By Sandra Helsel posted 07 Sep 2022

Quantum News Briefs opens today with ColdQuanta’s President of Quantum Computing Paul Lipman call for a “Quantum Moonshot” similar to President Kennedy’s 1961 call for society to organize for the Apollo moonshot; next is Tristan Green’s rebuttal of the recent claim that greedy physicists are hyping quantum computing. Third is a study in which scientists discovered a new phase transition or “new fur for Schroedinger’s cat.”And MORE.


ColdQuanta’s President of Quantum Computing Paul Lipman calls for “Quantum Moonshot”

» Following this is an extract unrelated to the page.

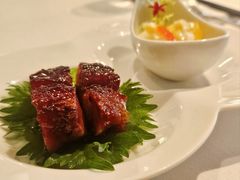 -伯衡55·吉品轩(乌鲁木齐南路店)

Paul Lipman, President of Quantum Computing at ColdQuanta, penned an editorial September 6 in Forbes discussing the Apollo space program’s “moonshot” success and calling for the same kind of extensive collaboration between academia, enterprise and government to enable the “Quantum Moonshot”. Lipman’s thoughtful and extensive analogy between two different “moonshots” is summarized by Quantum News Briefs, the original can be read here and is a must-read.
He writes, “Quantum is a ‘long game’ requiring patient capital that is willing to support fundamental deep R&D efforts—beyond the typical private investor’s appetite, scale and timeframe. Government funding must support the development of startups and scale-ups that can support accelerating the commercialization of quantum technologies. Perhaps the most compelling aspect of the quantum revolution is the recent emergence of programs to develop national quantum computing centers.”
Lipman provides an overview of other nation’s quantum computing programs: Israel recently announced 100 million shekels ($29 million) in funding for a national quantum computing center. The “startup nation” has a burgeoning quantum industry with multiple quantum startups and leading academic research programs. Japan has a bold, long-term view of the impact of quantum computing on its national economy. As part of the broader 100-billion-yen ($740 million) Moonshot 2050 program, Japan established a multi-platform vision for achieving large-scale fault-tolerant quantum computers by 2050.
As governments contemplate prioritizing and investing behind national quantum initiatives, it will be important to consider how they can support and augment (rather than compete with) the development of industry. After all, there is no point in spending hundreds of millions in taxpayer funds to simply build capabilities that can already be purchased at the click of a button from cloud service providers’ quantum offerings.
In 1961 President Kennedy said that the moonshot goal “will serve to organize and measure the best of our energies and skills.” As we stand here today at the beginning of the quantum computing revolution, Lipman reminds us that his words have deep relevance and resonance for the “Quantum, Moonshot” journey that the U.S., Japan, Israel and many other nations have chosen to embark on.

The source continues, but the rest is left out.